In a trading update, the company said it had achieved a "significant increase" in adjusted pretax profits and earnings per share over the first four months of the year. Market conditions have remained favourable for the company's businesses, it said.
Fyffes is now expecting growth of at least 10 per cent in earnings per share for the full year.
The statement was well-received in the market, with Fyffes shares climbing seven cent to close at €2.30.
Fyffes said trading had been particularly strong in continental Europe over the past few months.
Forthcoming interim results will be boosted by a first-time contribution from Everfresh in Sweden, which Fyffes acquired in May last year.
The company said it continued to pursue price increases to deal with the lower margins that have hit business in the UK and the Republic.
It pointed to "significant cost inflation" across the industry.
Analysts believe Fyffes is well-placed to win price increases, with evidence of this coming last month when rival firm, Chiquita, reported firm banana pricing for the start of the year.
Against this backdrop, earnings upgrades are likely to flow from yesterday's statement. The company yesterday prepared for this by signalling "double-digit" growth for the full year.
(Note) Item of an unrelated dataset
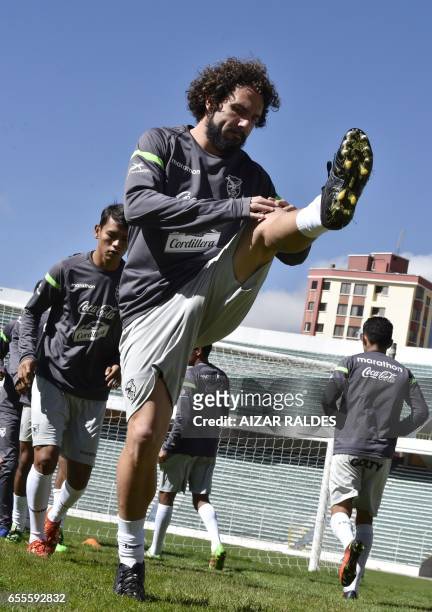 Fernando Marteli, realiza ejercicios durante una parctica de la seleccion boliviana de futbol, el 20 de marzo de 2017, en La Paz. Bolivia se prepara...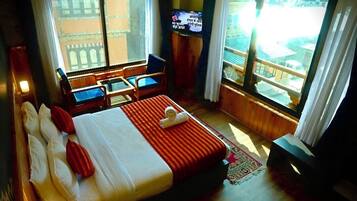 Una scrivania, postazione laptop, Wi-Fi gratuito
This forecast is thought to be independent of any exceptional items.
Fyffes has made a number of substantial exceptional gains from property deals over the past few years.
Full-year results can be expected however to include some provision for legal costs in relation to the insider dealing case currently being taken by Fyffes against DCC and Jim Flavin.
These costs amounted to €4.1 million in 2005 but are likely to be considerably higher this year.
The case has now been running for more than four months and is not yet approaching its end.
Fyffes will however be well-placed to receive substantial damages if its challenge is successful.